My 4 most important explainable AI visualizations (modelStudio)

Written by Matt Dancho



Machine learning is great, until you have to explain it. Thank god for modelStudio.

modelStudio is a new R package that makes it easy to interactively explain machine learning models using state-of-the-art techniques like Shapley Values, Break Down plots, and Partial Dependence. I was shocked at how quickly I could get up and running!

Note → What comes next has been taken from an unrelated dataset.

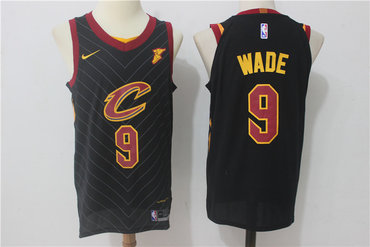 Cavaliers 9 Dwyane Wade Black Nike Jersey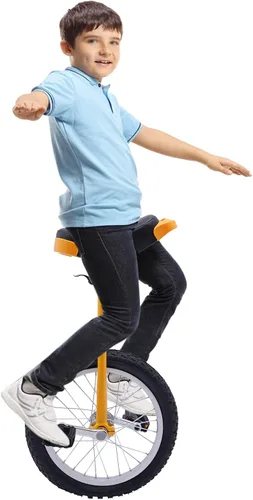 Miniatura 6 de Monociclo de rueda, bicicleta de una rueda con borde y pedales, monociclos de acero modernos para edades unisex de 10 a 60 años, entrenamiento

In the next 10-minutes, we’ll learn how to make my 4 most important Explainable AI plots:

  • 1: Feature Importance
  • 2: Break Down Plot
  • 3: Shapley Values
  • 4: Partial Dependence
  • BONUS: I’ll not only show you how to make the plots in under 10-minutes, but I’ll explain exactly how to discover insights from each plot!

R-Tips Weekly

This article is part of R-Tips Weekly, a weekly video tutorial that shows you step-by-step how to do common R coding tasks.

Here are the links to get set up. 👇

Video Tutorial

Learn how to use the modelStudio package in our 10-minute YouTube video tutorial.

What you make in this R-Tip

By the end of this tutorial, you’ll make the 4 most helpful plots for explaining machine learning models.

Explain your machine learning models (made with modelStudio)

Thank You Developers.

Before we move on, please recognize that modelStudio was developed by Hubert Baniecki and Przemyslaw Biecek, and is part of the Dr. Why ecosystem of R packages, which are a collection of tools for Visual Exploration, Explanation and Debugging of Predictive Models. Thank you for everything you do!

modelStudio Tutorial

Let’s get up and running with modelStudio so we can interactively explain a predictive model.

Step 1: Load the Libraries and Data

First, run this code to:

  1. Load Libraries: Load modelStudio , DALEX, tidyverse and tidymodels.
  2. Import Data: We’re using the mpg dataset that comes with ggplot2.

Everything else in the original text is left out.